Rapid seismic response prediction of RC frames based on deep learning and limited building information

Building portfolio is the important urban engineering system, and the seismic resilience assessment of a city needs the quick and accurate prediction of the seismic responses of existed buildings. However, many existed buildings generally possess the problem that the design information materials are incomplete or completely lost. The major challenge in the seismic resilience assessment of building portfolio is how to predict the seismic responses of buildings quickly and accurately just using limited building information. This manuscript aims to develop a method for the seismic response prediction of the existed reinforced concrete (RC) frame buildings just using limited building information.

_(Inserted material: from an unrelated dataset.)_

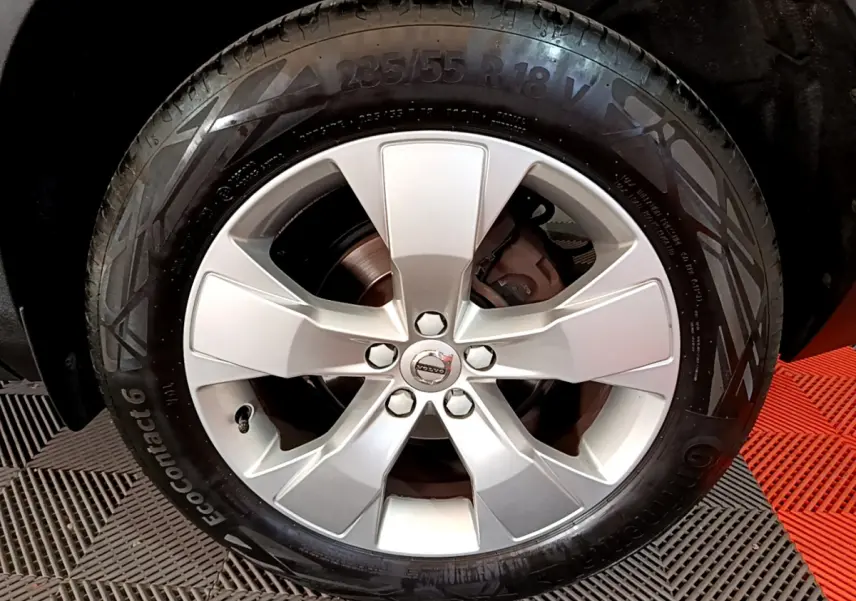 Gros plan sur la jante alliage argentée de 18 pouces du Volvo XC40 T2 Momentum gris clair, avec logo central visible.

A total of 162 typical RC frame buildings of low to medium rise are designed, and the inter-story drift (IDR) as well as peak floor acceleration (PFA) of each floor in each building are computed for 200 ground motions with nonlinear time history analysis (NLTHA) method. A convolutional neural network (CNN) is developed with ground motion records and five easy-getting building parameters as inputs. The outputs are IDR and PFA of each floor for the given building. Considering the physical means of an input parameter—number of stories, the modified loss function and modified evaluation function are proposed. The developed network is trained with the computed dataset and the modified loss function, and the trained model (referred to StruNet) can take the characteristics of ground motions and structures into consideration together comparing to previous studies. The proposed model is verified through four cases (i.e., 4 actual buildings with different construction time, occupancy types, and plane layouts), which are independent of the deep learning dataset. The results confirm that the proposed method offers prediction results with sufficient accuracy and shows high computational efficiency.